Samsung To Be Hit With $388M Of Extra Corporate Tax In 2018

Samsung Electronics is set to be hit with a significant corporate tax increase next year, with the Seoul-based company being expected to pay an additional $388 million (425.3 billion won) based on the latest changes to South Korea’s legal framework regulating corporate income. The law will increase the top marginal corporate income tax rate to 25 percent, three percentage points up compared to the system that’s currently in force. The move is understood to be the Korean government’s attempt to add extra funds to the state budget, with recent estimates suggesting the country will be able to raise approximately $1.2 billion in additional corporate taxes in 2018 as a direct result of the law change.

As per the National Assembly Budget Office’s initiative, the extra taxes will hit Samsung the hardest, with the second most heavily affected entity being Hyundai Motor whose annual tax bill is projected to increase around $165 million. Semiconductor company SK Hynix which manufactures various chips for Android smartphones and tablets will have over $112 million of additional tax burden placed on it as of next year due to the law change, according to initial estimates. The aforementioned figures are all based on existing tax deductions issued to Korean chaebols based on their research and development efforts, as well as various investments, meaning the total tax rate increase that’s expected next year could be even higher. While less liberal tax deduction practices haven’t yet been enacted by Seoul, some industry watchers project the government to raise approximately $2.1 billion of additional tax from conglomerates in 2018. With Samsung being one of the largest investors and innovators in the Far Eastern country, its total tax burden may rise by as much as $0.5 billion starting next year.

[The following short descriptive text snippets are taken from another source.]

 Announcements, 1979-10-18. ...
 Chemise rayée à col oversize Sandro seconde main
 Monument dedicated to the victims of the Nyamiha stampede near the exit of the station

The consequences of the move remain unclear as analysts are still divided on the matter, though most agree increased tax burdens may discourage some investments in the short term. Samsung is unlikely to significantly revamp its operations in response to the change, though the new regulatory framework is expected to be discussed at the company’s upcoming global strategy meetings scheduled to take place in the second half of December. The world’s largest phone maker has yet to issue an official comment on the matter.